While he was never married in the comics, the reveal about Marc and Layla’s marriage leans into something we suspected last episode: that Layla is likely at least a partly reimagined version of Marlene Alraune. In the comics, Marlene was Marc’s lover, crime-fighting partner, and eventually mother of his child. We learn that Marc sought a divorce to protect Layla. Of course, lonely Steven Grant isn’t eager to let one of the few women to actually speak to him go so easily. We don’t get many more hints on whether Layla has a connection to the Scarlet Scarab this week, but the fact that she’s an adventurer like Marc means we still think that’s the case.

Bookshelf Check

Last week we had a lot of fun looking at Steven’s shelves. This week his hangout with Layla introduces us to a different side of him. Some of the titles we see include Bad Laws, The Man in the Ice, Intervention, Oxford [Dictionary?], and Leonardo. This keeps up his classical interests, but there’s a romantic side to Steven too as he and Layla bond over Marceline Desbordes-Valmore’s poetry collection Les Pleurs. Specifically, they recite the poem Les Séparés to each other about two heartbroken lovers.

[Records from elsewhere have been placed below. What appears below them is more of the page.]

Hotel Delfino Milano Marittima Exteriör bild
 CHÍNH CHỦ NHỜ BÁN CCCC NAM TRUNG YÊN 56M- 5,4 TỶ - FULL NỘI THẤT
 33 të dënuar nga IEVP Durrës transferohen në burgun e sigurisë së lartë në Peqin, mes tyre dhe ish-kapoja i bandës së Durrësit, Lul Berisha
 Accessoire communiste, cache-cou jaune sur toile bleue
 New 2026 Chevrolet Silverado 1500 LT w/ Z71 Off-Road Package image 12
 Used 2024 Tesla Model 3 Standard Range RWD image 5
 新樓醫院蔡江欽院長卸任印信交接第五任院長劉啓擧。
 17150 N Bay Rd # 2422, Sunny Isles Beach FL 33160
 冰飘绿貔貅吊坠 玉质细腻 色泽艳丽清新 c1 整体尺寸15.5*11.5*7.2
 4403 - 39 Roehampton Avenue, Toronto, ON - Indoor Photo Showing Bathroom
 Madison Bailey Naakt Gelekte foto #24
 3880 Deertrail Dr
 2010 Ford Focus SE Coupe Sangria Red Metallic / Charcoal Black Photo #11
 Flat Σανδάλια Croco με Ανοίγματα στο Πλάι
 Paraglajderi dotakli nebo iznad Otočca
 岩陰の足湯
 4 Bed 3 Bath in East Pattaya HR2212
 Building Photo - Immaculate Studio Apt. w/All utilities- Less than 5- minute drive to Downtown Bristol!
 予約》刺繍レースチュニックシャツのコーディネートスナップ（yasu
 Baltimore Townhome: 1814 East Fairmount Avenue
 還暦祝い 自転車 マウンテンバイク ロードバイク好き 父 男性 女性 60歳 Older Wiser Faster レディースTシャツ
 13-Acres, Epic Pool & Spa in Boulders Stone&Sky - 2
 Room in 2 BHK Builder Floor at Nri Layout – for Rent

More Info About that Precious (McGuffin) Scarab

As they’re reunited and reintroduced in Steven’s apartment, Layla reveals that she and Marc Spector worked and fought alongside each other to find the scarab that Harrow wants so much. She’s understandably infuriated that Marc has hidden it from her, and thinks this is the reason for his disappearance and “performance” as Steven. In a likely misguided choice, Steven quickly asks Layla to take the scarab away, explaining he doesn’t want anything to do with it. We later learn that the scarab can reveal the location of Ammit’s tomb, which is why Harrow wants it so badly.

File #: 1975
The cover page for Marvel Comics' 1975 Werewolf By Night #32, which marks the first appearance of Moon Knight
Marvel Comics

While looking at Marc Spector’s casefile we see he’s #1975, which is a nod to the year he first debuted in Werewolf by Night #32. There’s also a nod to Nick Pepin, who is the show’s Production & Development Manager and has worked on multiple MCU properties.

“He’s From the Yucatan”

As Arthur Harrow shows Steven around his London commune—wow, this man is international!—he introduces someone and says, “He’s from the Yucatan.” This is a direct reference to Harrow’s singular comic book appearance in Moon Knight: Fist of Khonshu #2. That issue focuses on Harrow doing evil Nazi experiments in, you guessed it, the Yucatan.

The Previous Avatar

According to Arthur Harrow, he was Khonshu’s previous avatar. Whether this is true is yet to be seen. In the comics, this wasn’t the case but there have been multiple Moon Knights throughout time before Marc Spector. So there’s precedent for this little bit of history even if Arthur is not canonically a part of it.

Mr. Knight, I Presume
An image of Oscar Isaac in Moon Knight shows him in the Mr. Knight suit with a tight white head covering and fancy white suit
Marvel Studios

Although it’s a big change from his comic origin, we meet Mr. Knight this week. First introduced in the 2011 Secret Avengers series—first drawn by Michael Lark—he’s most well known from that Declan Shalvey arc we mentioned before, making Mr. Knight a newer Moon Knight persona. In the comics, Mr. Knight is a separate personality who’s a smart, savvy, and public figure. Here the Mr. Knight suit is just how Steven manifests the Moon Knight garb. It’s an interesting choice that may annoy die-hard Moon Knight fans, but it’s a smart way to differentiate between the two. It also could hint that our multiversal theory is right. After all, if Steven was from a different universe than Marc it would explain why their suits manifest so differently.

A Truly Great Egg

As the big chase goes down, we see a number on the top of a double decker bus. The code says WBN 0032. That obviously stands for Werewolf By Night #32, Moon Knight’s first appearance. How fun!

Thanking Those All-Important Creators

The only new addition this week is Michael Lark. As we mentioned, he was the first artist to ever draw the Mr. Knight suit which makes its on-screen debut this episode.